Turcano Pierpaolo, Stang Cole D, Bower James H, Ahlskog J Eric, Boeve Bradley F, Mielke Michelle M, Savica Rodolfo
Department of Neurology (PT, CDS, JHB, JEA, BFB, RS) and Department of Health Sciences Research (MMM, RS), Mayo Clinic, Rochester, MN.
Neurol Clin Pract. 2020 Apr;10(2):156-161. doi: 10.1212/CPJ.0000000000000703.

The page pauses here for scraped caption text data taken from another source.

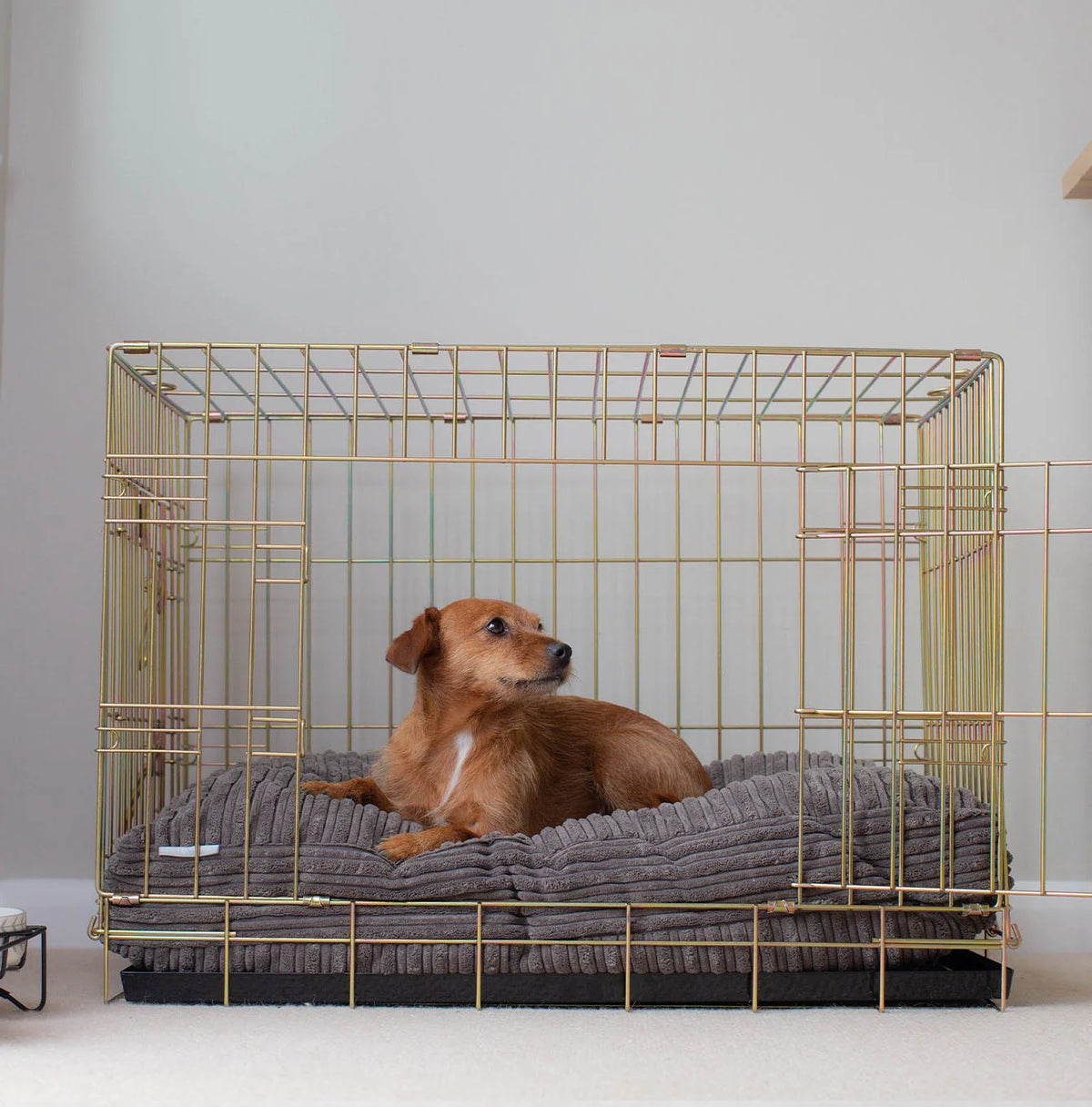 Dog Cushion in Dark Grey Essentials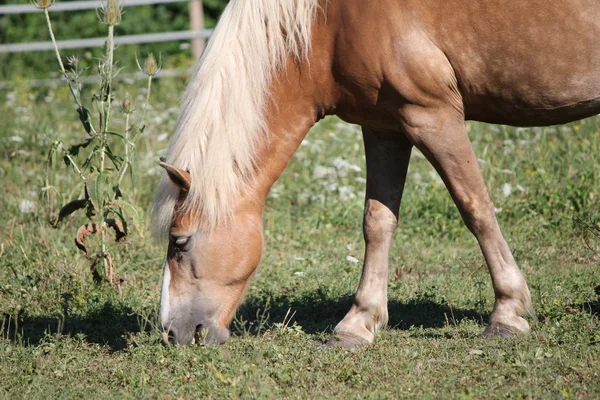 Häst och gräs — Stockfoto
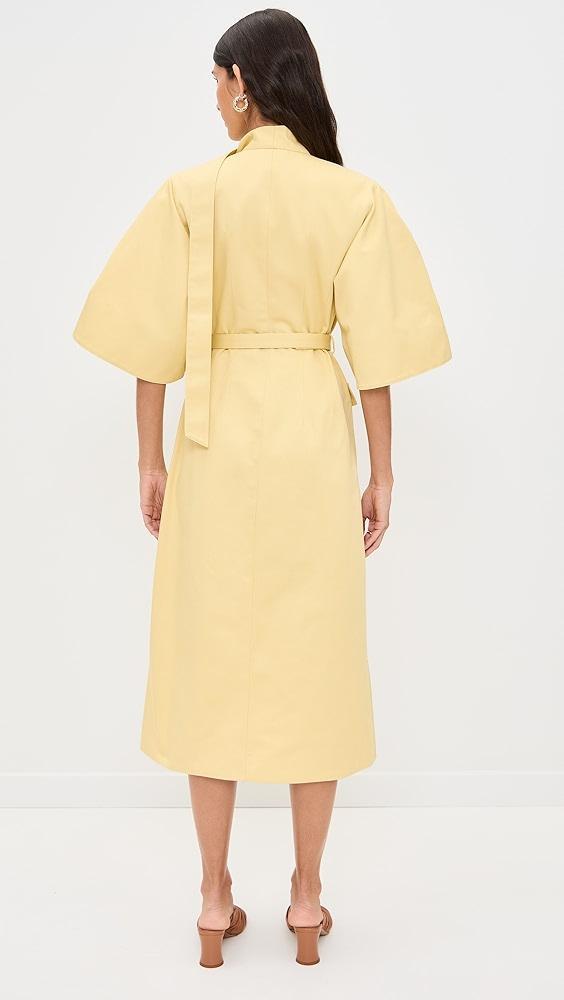 ALEXIS Ilardi Dress | Shopbop Product Image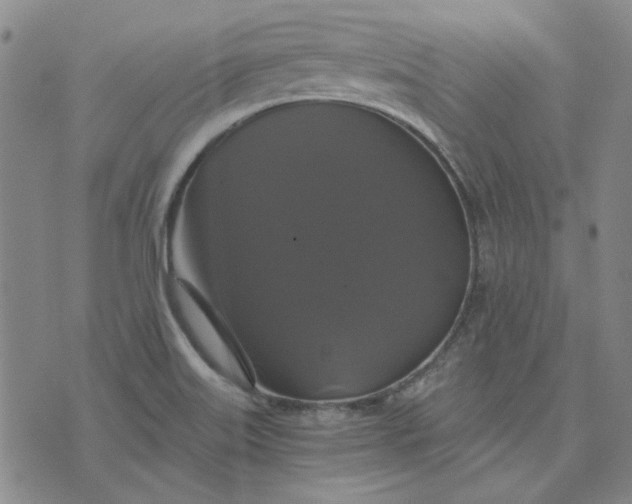 X0000076311515200610161606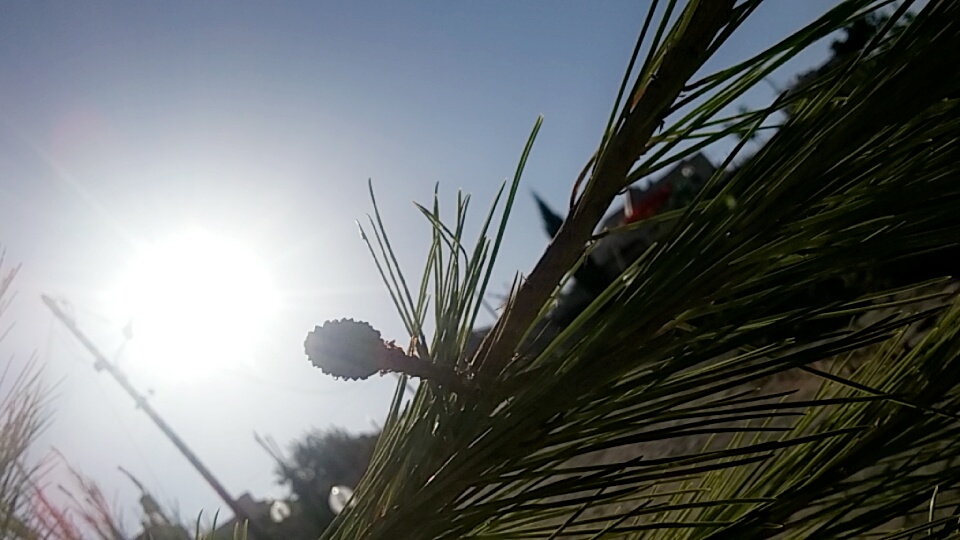 ....♥♥ bntpal.com_153090775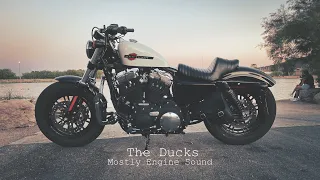 Harley Davidson Forty-Eight 48 Mostly Engine Sound | Dusk Ride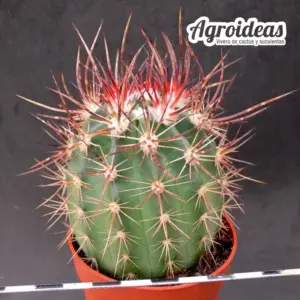 Echinocereus lindsayi "Ejemplar"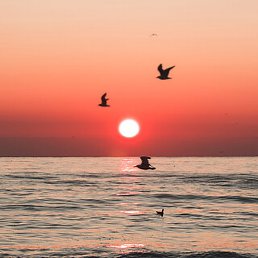 �����, �������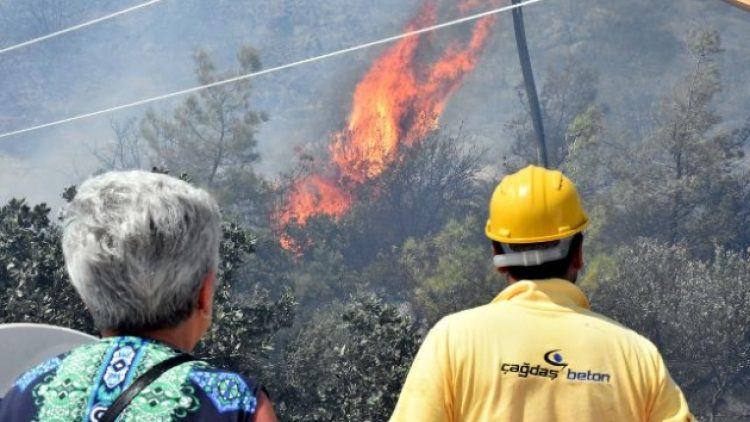 Bodrum’da korkutan yangın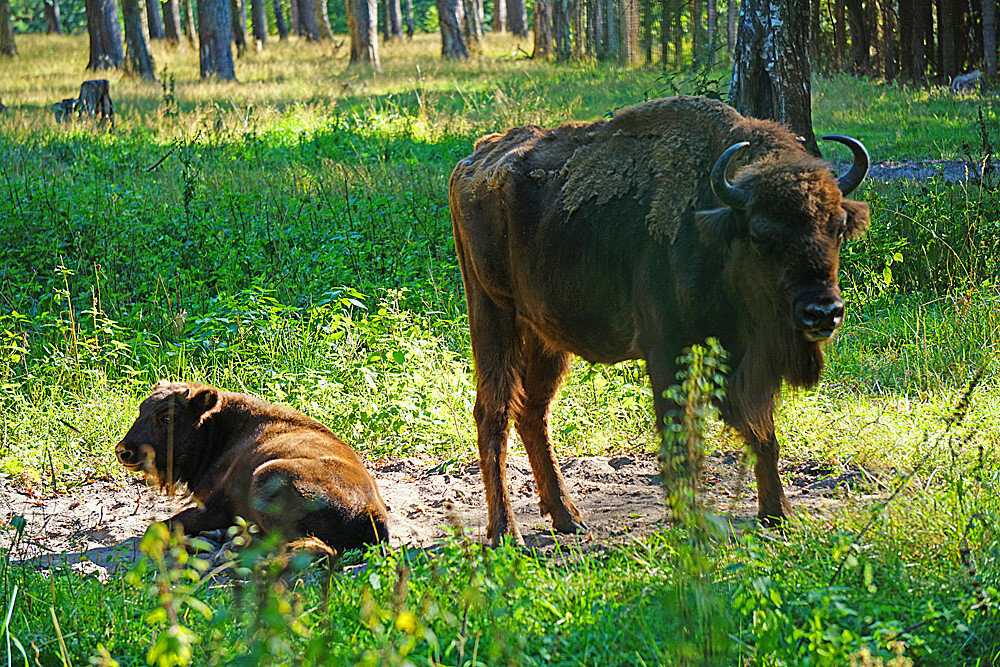 Приокско-террасный заповедник - prioksko-terrasny nature reserve - abcdef.wiki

To investigate the frequency of levodopa-induced dyskinesia in dementia with Lewy bodies (DLBs) and Parkinson disease with dementia (PDD) and compare these frequencies with patients with incident Parkinson disease (PD) through a population-based cohort study.

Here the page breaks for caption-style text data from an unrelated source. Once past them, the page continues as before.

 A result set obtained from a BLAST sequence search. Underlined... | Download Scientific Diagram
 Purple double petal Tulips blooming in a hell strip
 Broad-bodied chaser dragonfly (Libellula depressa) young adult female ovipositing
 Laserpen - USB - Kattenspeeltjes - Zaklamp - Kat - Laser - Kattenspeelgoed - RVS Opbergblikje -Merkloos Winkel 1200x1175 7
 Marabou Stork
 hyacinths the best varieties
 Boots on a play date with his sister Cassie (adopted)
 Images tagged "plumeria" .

We identified all patients with DLB, PDD, and PD without dementia in a 1991-2010 population-based parkinsonism-incident cohort, in Olmsted County, Minnesota. We abstracted information about levodopa-induced dyskinesia. We compared patients with DLB and PDD with dyskinesia with patients with PD from the same cohort.
Levodopa use and dyskinesia data were available for 141/143 (98.6%) patients with a diagnosis of either DLB or PDD; 87 (61.7%), treated with levodopa. Dyskinesia was documented in 12.6% (8 DLB and 3 PDD) of levodopa-treated patients. Among these patients, median parkinsonism diagnosis age was 74 years (range: 64-80 years); 63.6%, male. The median interval from levodopa initiation to dyskinesia onset was 2 years (range: 3 months-4 years); the median daily levodopa dosage was 600 mg (range: 50-1,600 mg). Dyskinesia severity led to levodopa adjustments in 5 patients, and all improved. Patients with dyskinesia were diagnosed with parkinsonism at a significantly younger age compared with patients without dyskinesia ( < 0.001). Levodopa dosage was unrelated to increased risk of dyskinesias among DLB and PDD. In contrast, 30.1% of levodopa-treated patients with PD developed dyskinesia. In age-, sex-, and levodopa dosage-adjusted models, Patients with DLB and PDD each had lower odds of developing dyskinesia than patients with PD (odds ratio = 0.42, 95% CI 0.21-0.88; = 0.02).
The dyskinesia risk for levodopa-treated patients with DLB or PDD was substantially less than for levodopa-treated patients with PD.
通过一项基于人群的队列研究,调查路易体痴呆(DLB)和帕金森病痴呆(PDD)中左旋多巴诱发的异动症的发生率,并将这些发生率与新发帕金森病(PD)患者进行比较。
我们在明尼苏达州奥尔姆斯特德县1991 - 2010年基于人群的帕金森症新发队列中,识别出所有患有DLB、PDD和无痴呆的PD患者。我们提取了有关左旋多巴诱发异动症的信息。我们将患有异动症的DLB和PDD患者与同一队列中的PD患者进行比较。
143例诊断为DLB或PDD的患者中有141例(98.6%)可获得左旋多巴使用和异动症数据;其中87例(61.7%)接受了左旋多巴治疗。在接受左旋多巴治疗的患者中,12.6%(8例DLB和3例PDD)记录到异动症。在这些患者中,帕金森症诊断的中位年龄为74岁(范围:64 - 80岁);63.6%为男性。从开始使用左旋多巴到异动症发作的中位间隔时间为2年(范围:3个月 - 4年);左旋多巴的中位日剂量为600毫克(范围:50 - 1600毫克)。5例患者因异动症严重程度导致左旋多巴调整,且所有患者症状均有改善。与无异动症的患者相比,患有异动症的患者被诊断为帕金森症时年龄显著更小(<0.001)。在DLB和PDD患者中,左旋多巴剂量与异动症风险增加无关。相比之下,接受左旋多巴治疗的PD患者中有30.1%出现异动症。在年龄、性别和左旋多巴剂量调整模型中,DLB和PDD患者发生异动症的几率均低于PD患者(比值比 = 0.42,95%置信区间0.21 - 0.88;P = 0.02)。
接受左旋多巴治疗的DLB或PDD患者的异动症风险显著低于接受左旋多巴治疗的PD患者。